Nata come farsa, la parabola dei deliranti finisce in fondo al grottesco, nella feccia di un calice che si alimenta di ogni miseria che la setta attribuiva a chiunque non fosse dei loro: falsità, disinformazione, corruzione non solo morale, svendita dei valori al mercato dell’usato, familismo, opportunismo, carrierismo. Tutto in meno di un decennio. Il potere logora chi non ce l’ha e lo sogna, poi chi ce l’ha, quindi chi non lo vuol mollare, infine chi lo rimpiange. Questa roba qui, questa miseria totale globale qui, aveva convinto un italiano su tre. È vero che la storia non insegna niente, che gli uomini sono dei pazzi, il guaio è che non imparano niente, al prossimo che sbava, vi faccio fuori, vi inculo, lo votano in massa.

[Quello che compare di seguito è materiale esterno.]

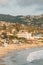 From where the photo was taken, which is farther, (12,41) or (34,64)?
(12,41)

Per allegria, per disperazione, per analfabetismo, non cambia niente. La cosa più ignobile in questa fine di una farsa ignobile, sono quelli che dicono: ah, io non li ho votati ma soprattutto non li rivoterò. E hanno pure il coraggio di lamentarsi della Roma della Raggi, di cui quella di Gualtieri è la fisiologica continuazione, e dei cinghiali e dei ratti e dei monti di monnezza, delle targhe sbagliate, Azelio, Morirono anziché Morricone, un governo col T9, a scorrettore automatico, una capitale infetta per una nazione corrotta, una città eterna nel peggio, dove giri, giri e ti senti sempre fuori, mai incluso, mai compreso, eppure quel che resta di questo incubo di Hyeronimus Bosch la rivuole, la difende la sindaca ossuta, che pare la personificazione scarnificata di un movimento che non c’è mai stato ma ha divorato l’impossibile e anche adesso, che agonizza sotto al sole e evapora qual medusa, non si placa, maledetto, condannato a far ridere e disperare anche dopo morto. Ma non preoccupatevi, va a finire che tutti si rimettono d’accordo, compreso qualche saltafila di complemento, “basta che ci sia posto”. Magari alla corte di Berlusconi, perché “era un altro momento”. È sempre un altro momento.